Erst dann wählte die Familie den Notruf - viel zu spät.

Die Richter am Landgericht, die kein Motiv finden konnten, hatten die
Eltern 2019 - nur - wegen fahrlässiger Tötung verurteilt, nicht wegen
Totschlags durch Unterlassen. Die Schwester, die wegen unterlassener
Hilfeleistung angeklagt war, hatten sie freigesprochen.

Dagegen hatte die Staatsanwaltschaft Revision eingelegt. Die
BGH-Richter stellten aber auch Rechtsfehler zuungunsten der Eltern
fest. Damit ist der Ausgang eines zweiten Prozesses offen. Er soll
nicht mehr in Limburg stattfinden, sondern am Landgericht Frankfurt.

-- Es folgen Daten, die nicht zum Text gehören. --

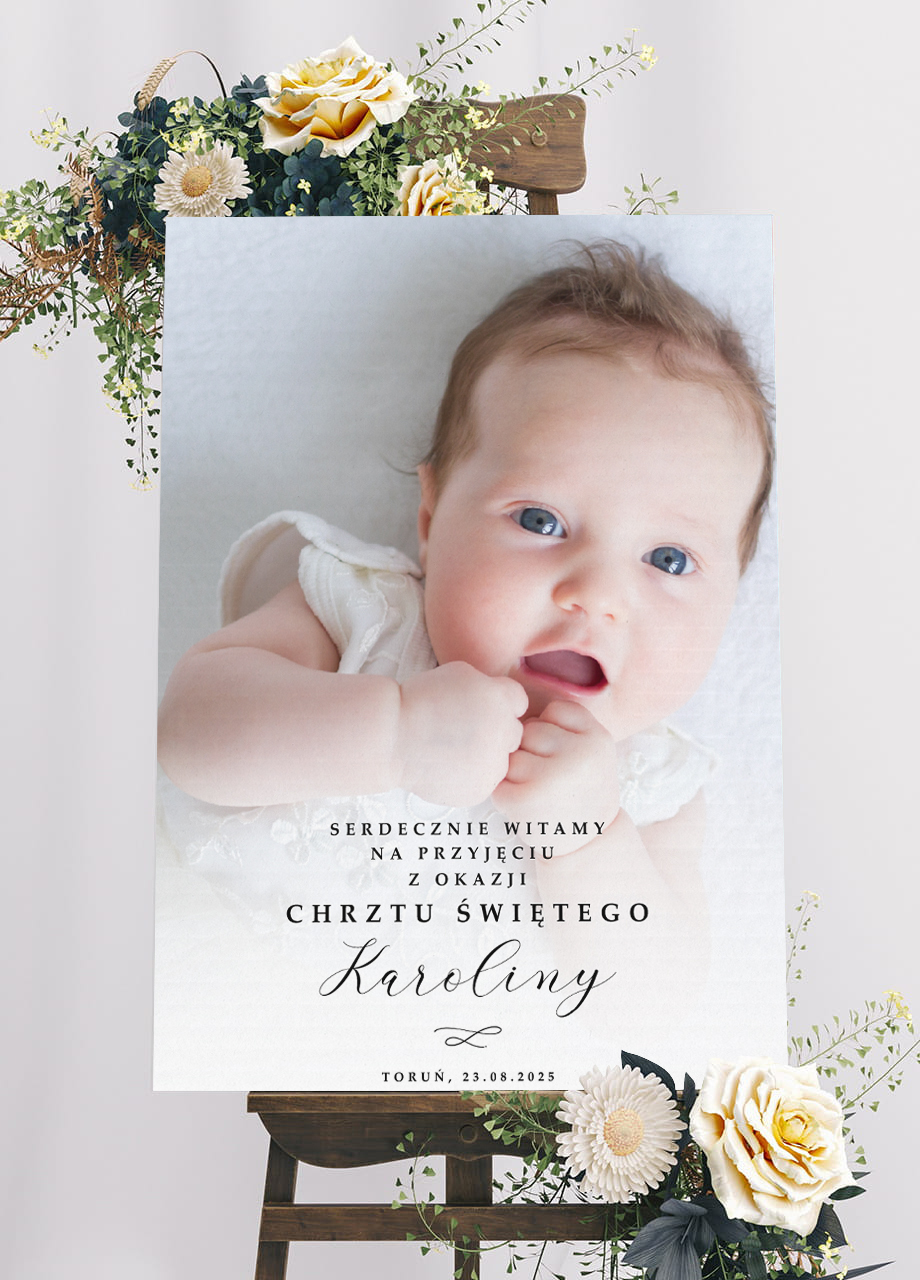 Chrzest Święty – jak stworzyć wyjątkową oprawę tej ważnej uroczystości?
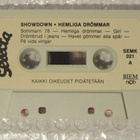 Showdown • Hemliga drömmar C-Kasetti - pikkukuva 5
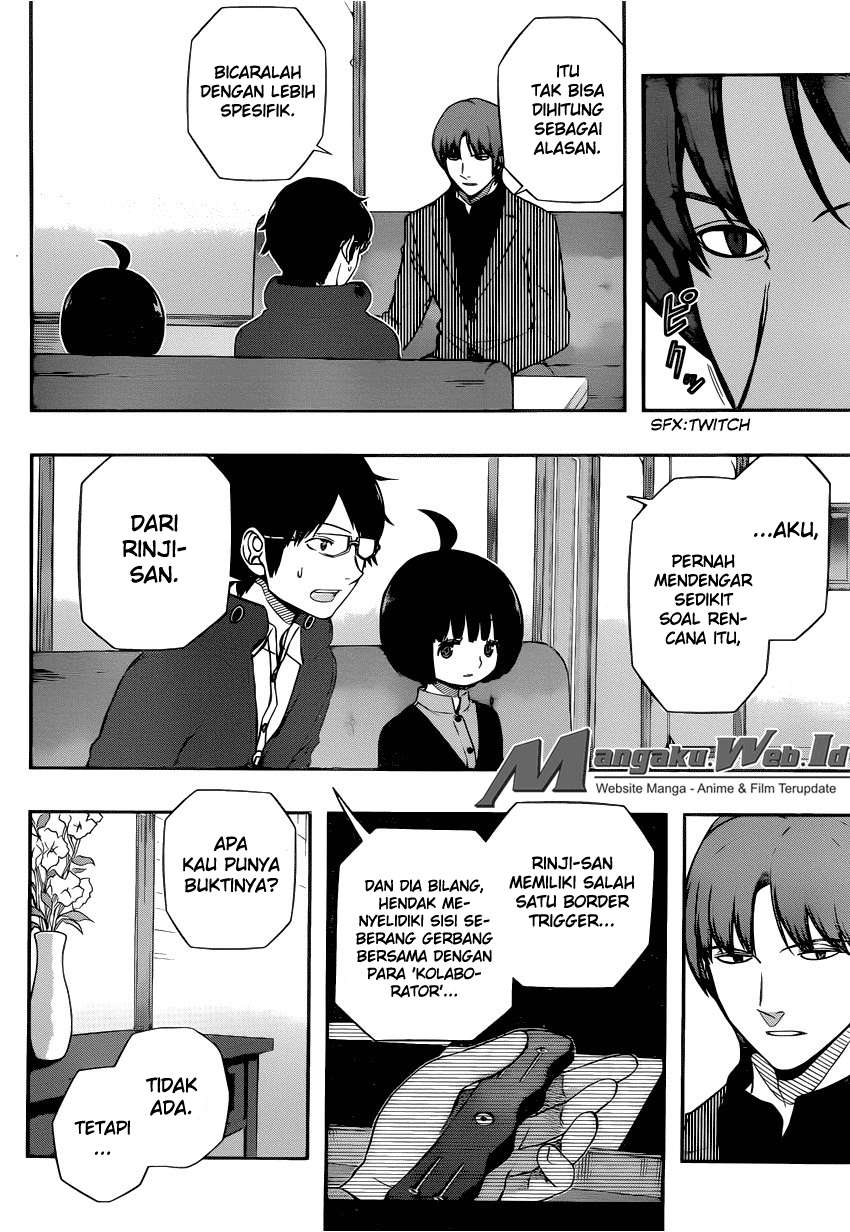 World Trigger Chapter 106 Gambar 9
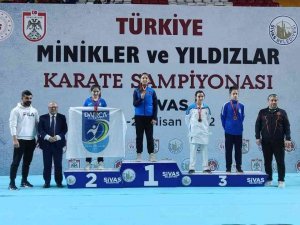 Kayserili Karateciler Sivas’tan Derece İle Döndüler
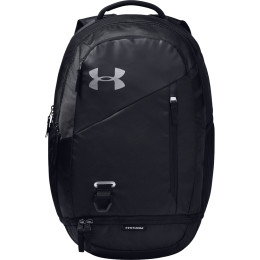 Раница Under Armour Hustle 4.0 Backpack черен Black/Black/Silver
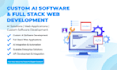 do custom ai and fullstack developer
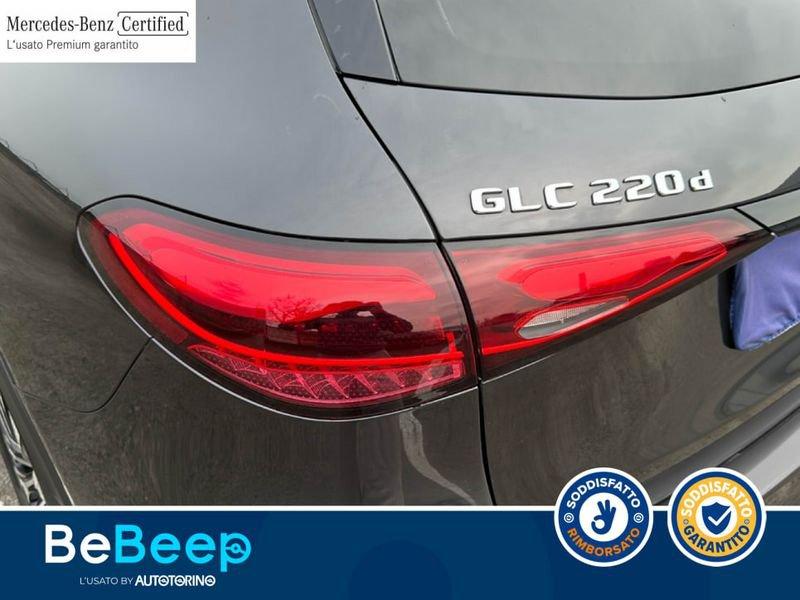 Mercedes-Benz GLC 220 D ADVANCED 4MATIC AUTO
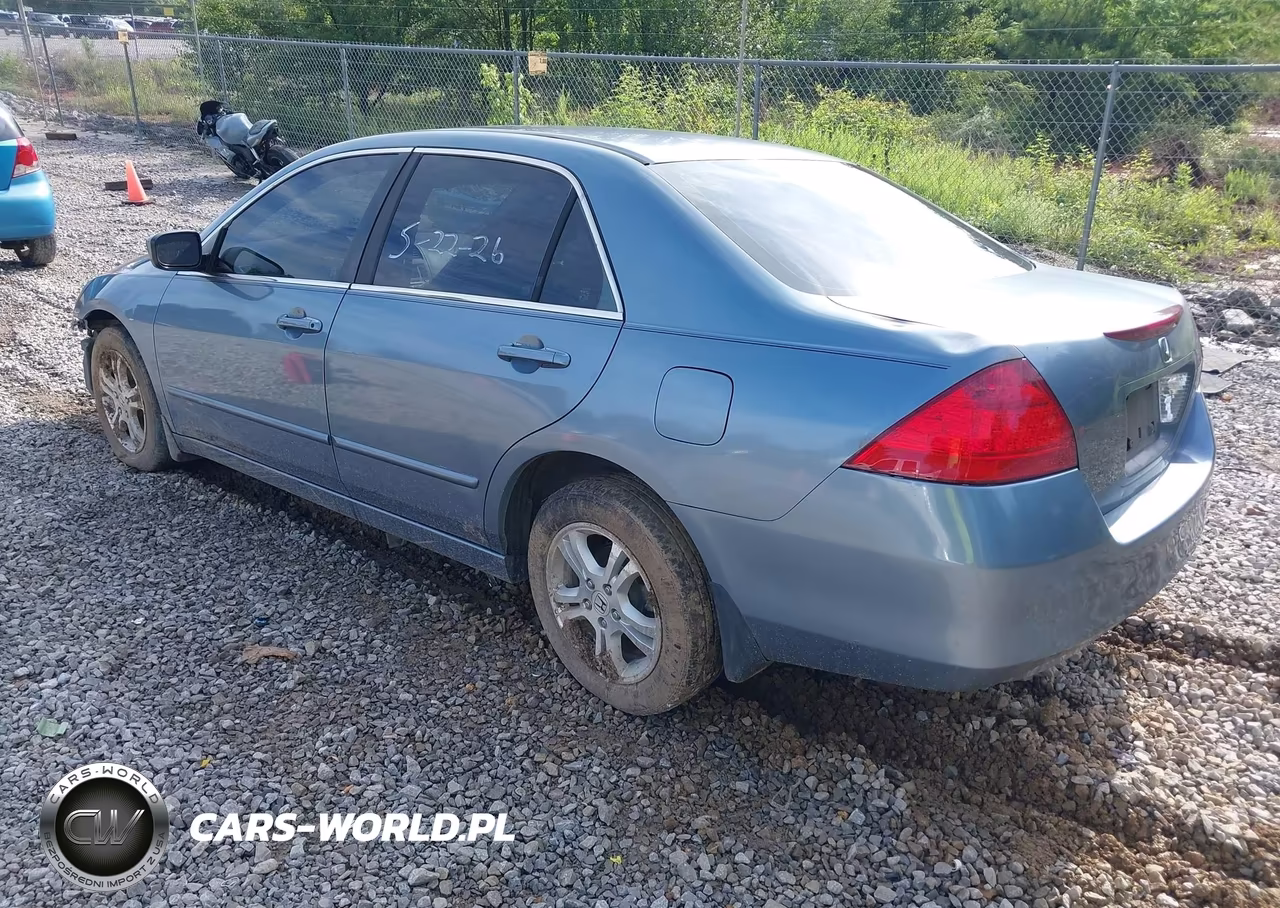 2007 Honda Accord 2.4 Ex VIN:1HGCM56737A161211 - 3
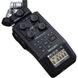 Zoom H6 All Black 6 Input / 6-Track Portable Handy Recorder with Single Mic Capsule 1145 foto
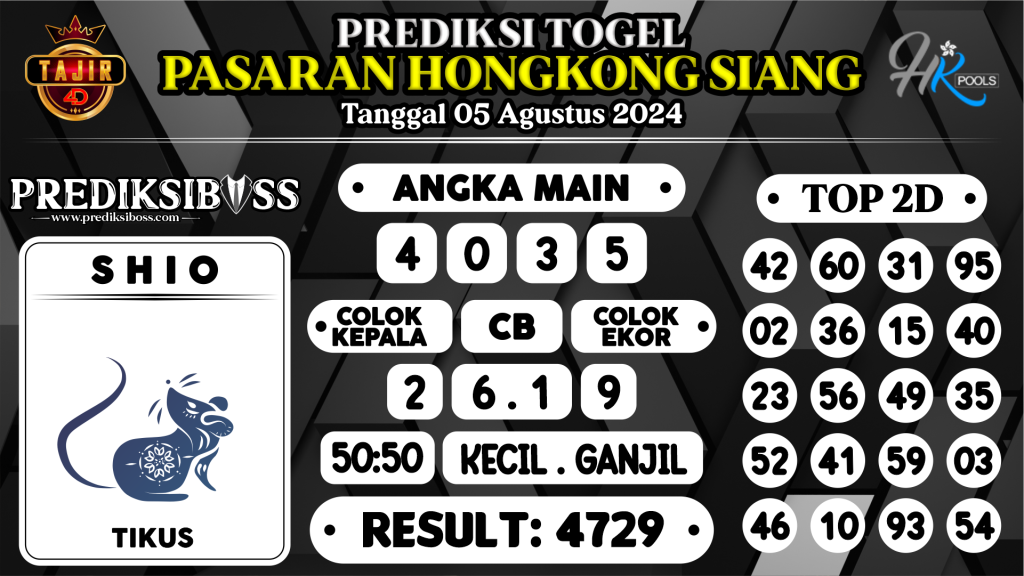 https://prediksibosspolda.com/prediksi-boss-togel-hk-siang-senin-05-agustus-2024/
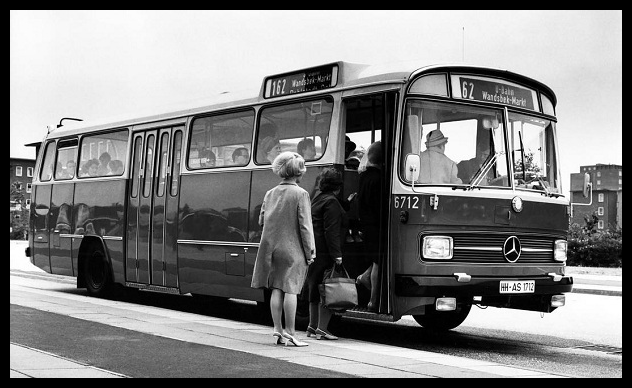 Автобусы - история возникновения и интересные факты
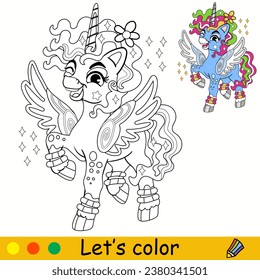 Pony coloring images stock photos d objects vectors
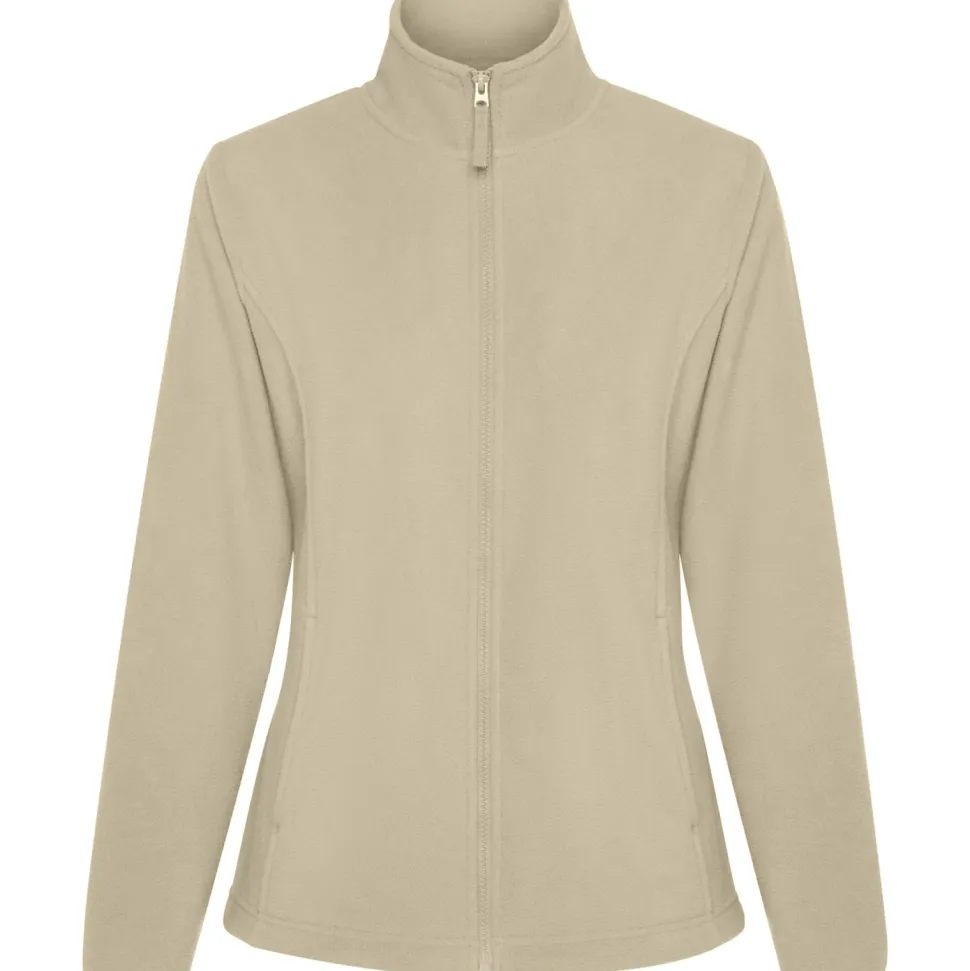 Roly CQ6415 - NEW ARTIC WOMAN Veste polaire pour femme avec fermeture à glissière sur le devant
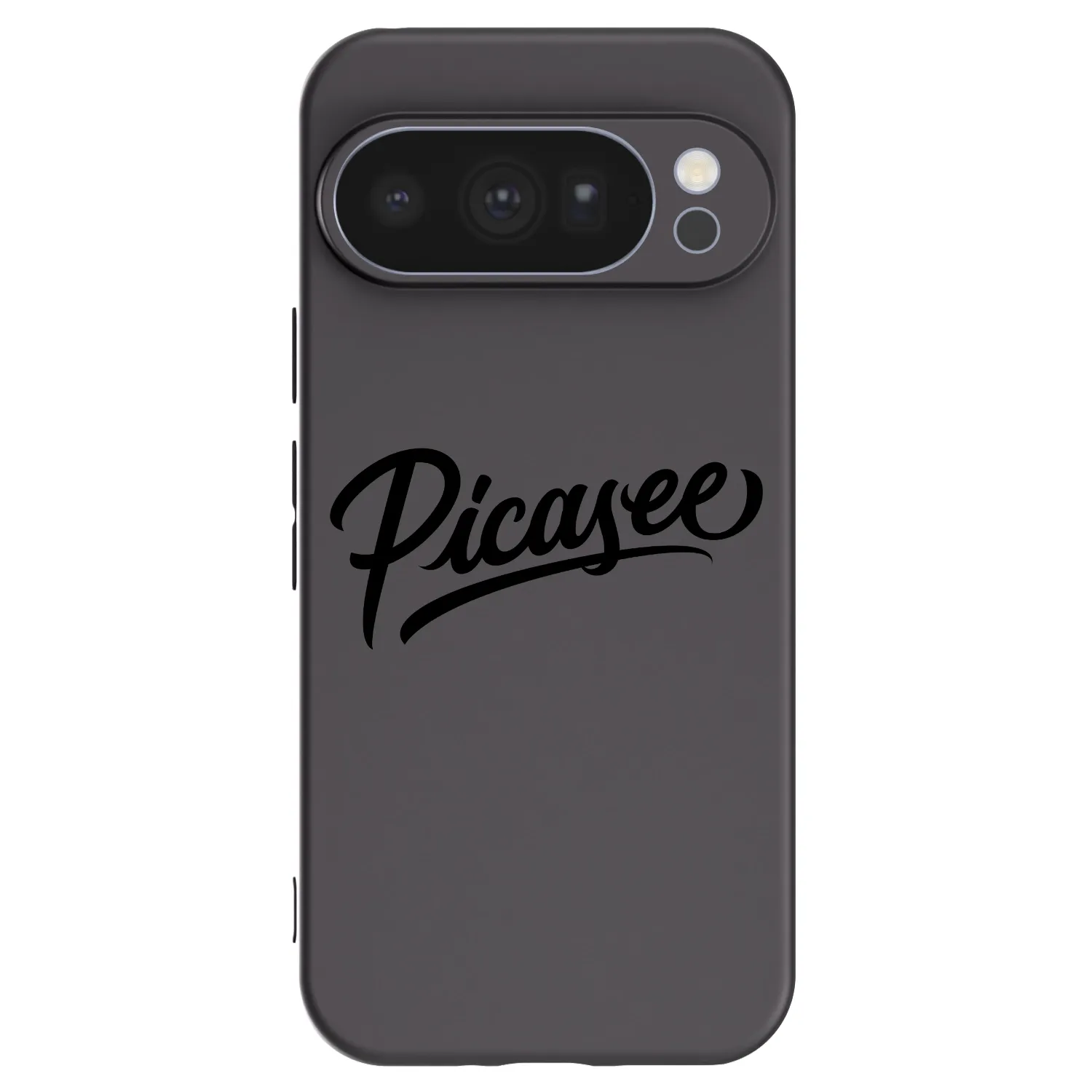 Picasee silikonowe czarne etui na Google Pixel 10 Pro - Picasee - old logo - black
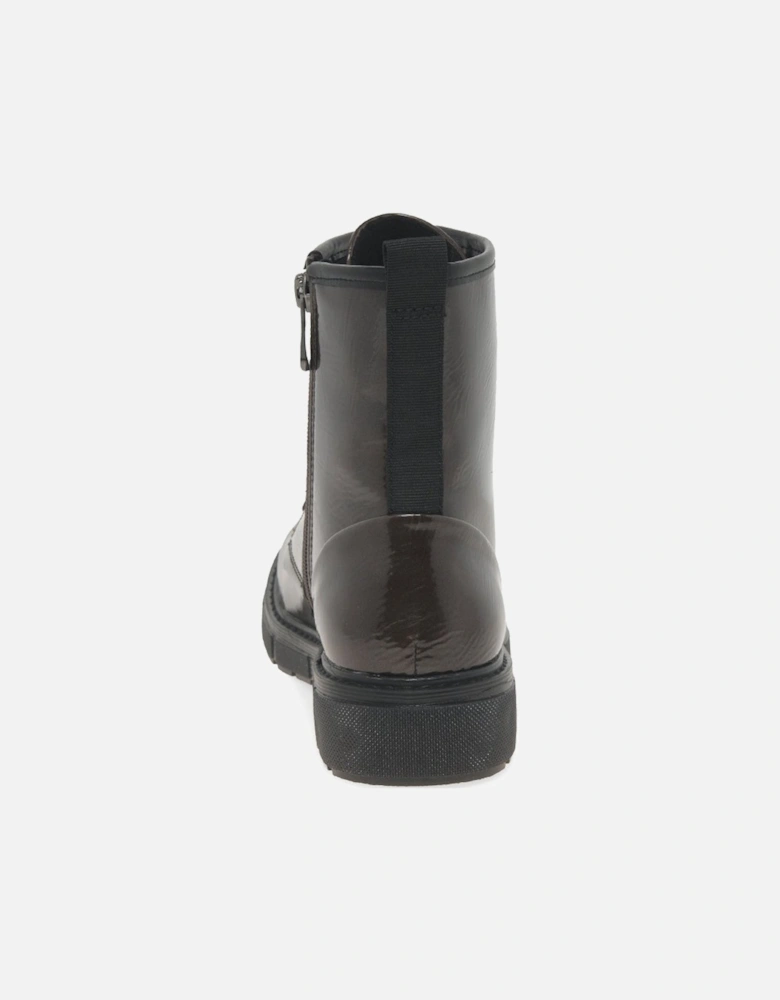 Knight Womens Ankle Boots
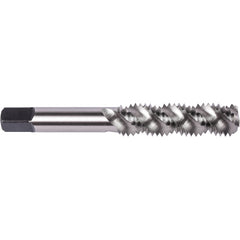 M10 1.50 MM 3 Flute Bottoming Union Butterfield HSS Bright M Machine Tap Spiral Flute 52 ANSI E-code # 1788M10X1.5NO3 - Exact Industrial Supply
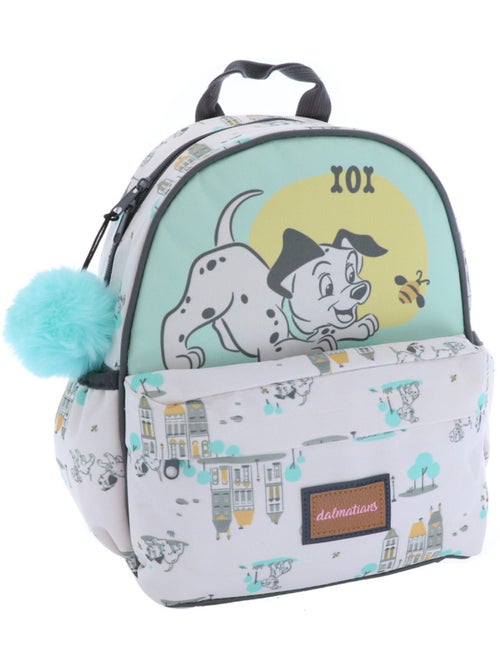 Sac à dos maternelle imprimé dalmatien toile CMP - Kiabi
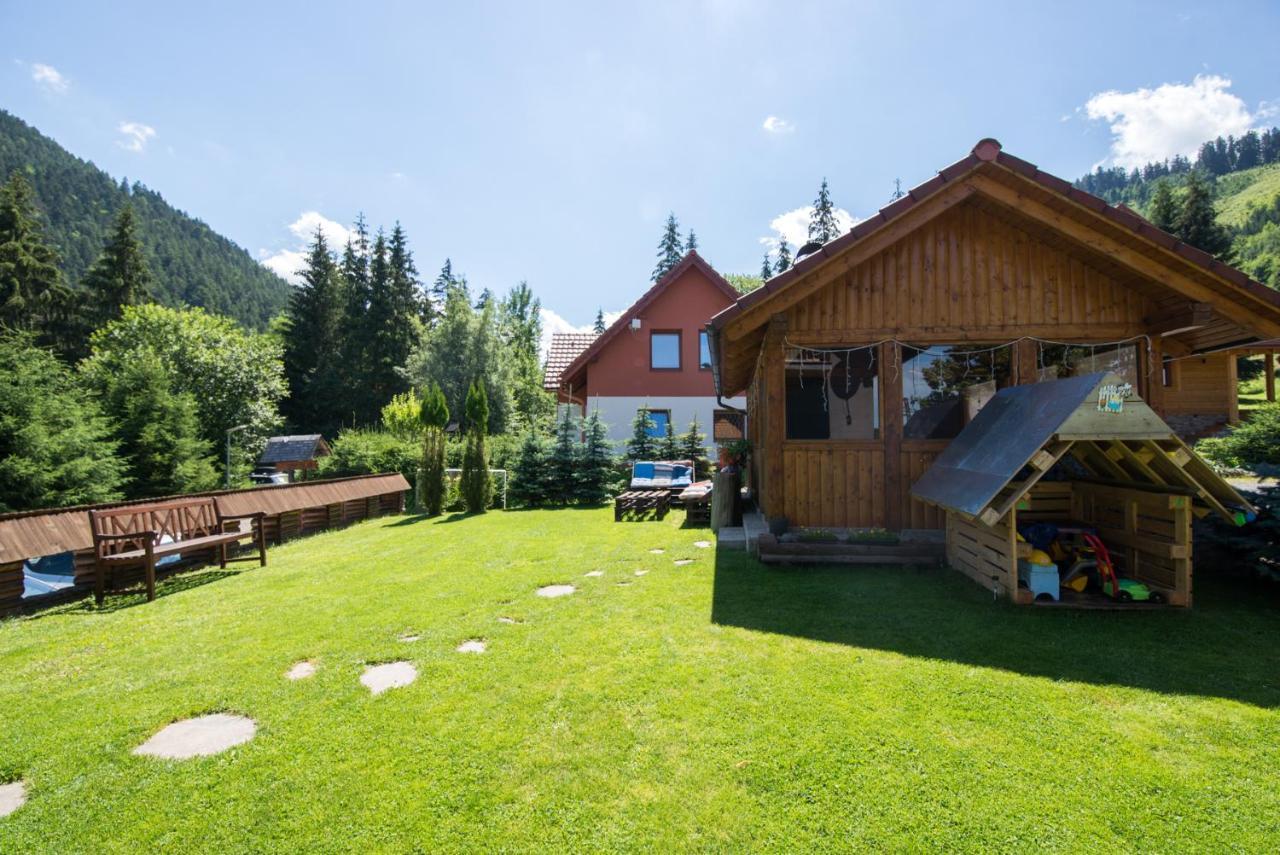 Apartmany Lipka Pavcina Lehota  Luaran gambar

Der Vorsitzende Richter Ulrich Franke sagte bei der
Urteilsverkündung, das Landgericht habe zwar Indizien aufgezählt,
diese aber nicht in der Gesamtschau gewürdigt. Stattdessen werde das
Urteil nur mit dem Abstimmungsergebnis im Senat begründet. Franke
sagte, als Straftatbestand komme auch Körperverletzung mit Todesfolge
infrage. Bei der Schwester werde zu prüfen sein, ob diese bei der
Betreuung und Pflege eine Schutzfunktion übernommen habe, die sie
auch unabhängig von den Eltern zum Eingreifen verpflichtet hätte.